A TDI system operates to synchronize the operation of an imaging system with a motion of a feature of interest in a scene viewed by the imaging system in order to increase the integration time and, hence, increase the sensitivity of the imaging system.
It is known that a degradation of a TDI system Modulation Transfer Function (MTF) results from a mismatch between a velocity of an optical image and that of a corresponding charge image formed within a TDI imaging array. This effect is commonly referred to as velocity-mismatch MTF degradation.
In conventional TDI systems, the velocity with which the charge image is moved in the "along-track" direction (the TDI rate) is determined by apriori estimates of the velocity of the optical image, or by indirect measurements of the velocity. This is essentially an open-loop system solution, and any errors that may occur in the estimate of optical image velocity result in the velocity-mismatch MTF degradation referred to above.

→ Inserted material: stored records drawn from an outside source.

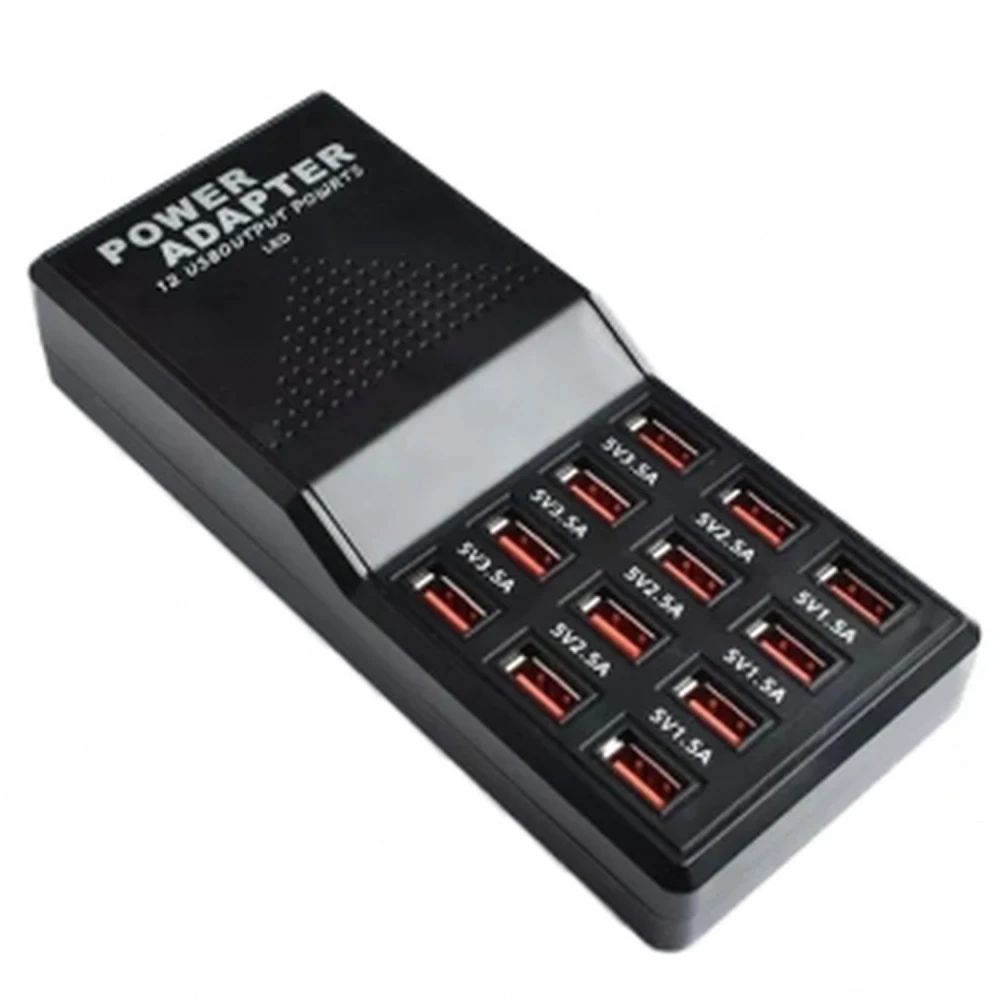 Chargeur USB 12 ports 5V 30A - Station de charge rapide pour smartphones et tablettes
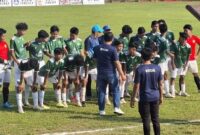 FOTO: Salah satu tim yang berlaga pada Piala AF Sport U17 Football Competition 2026. @by_News9.id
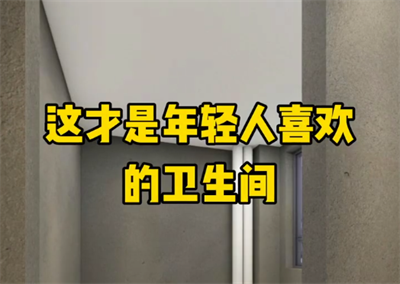 這才是年輕人喜歡的衛(wèi)生間，你想擁有嗎？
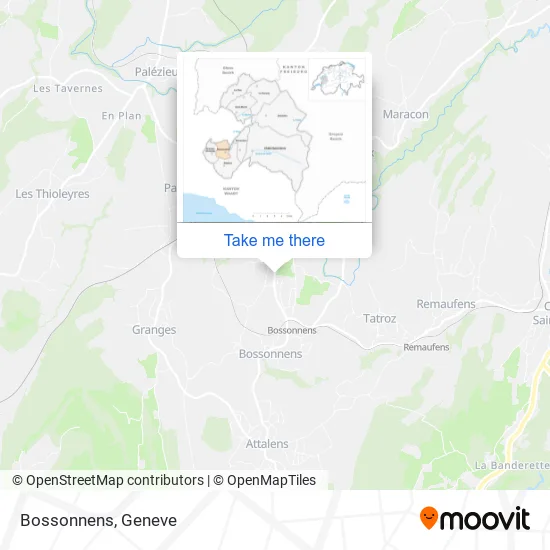Bossonnens map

As one example, the TDI system may be mounted within a rotating satellite platform and may view a scene through an aperture within a wall of the satellite. An estimate of, and/or a measurement of, the satellite rotational rate is employed to move a desired charge image, such as an image of a star or some other celestial object, across a TDI imaging array. Movement of the charge image is accomplished by clocking the TDI imaging array so as to cause the charge image to move from row to row in the TDI "along-track" direction. However, if the estimate and/or measurement of the satellite rotational rate is in error, then the movement of the charge image of the star does not accurately follow the movement of the actual star image that results from satellite rotation. This difference between the TDI velocity and the actual velocity of image motion results in the degradation of the MTF of the TDI imaging system.
It is thus one object of this invention to provide a TDI imaging system with an improved MTF by substantially eliminating velocity-mismatch MTF degradation.
It is another object of this invention to provide a closed-loop TDI imaging system wherein the velocity of the charge image (TDI velocity) is adaptively controlled in order to maximize a velocity match metric, and wherein the system requires no apriori knowledge of the velocity of the TDI image.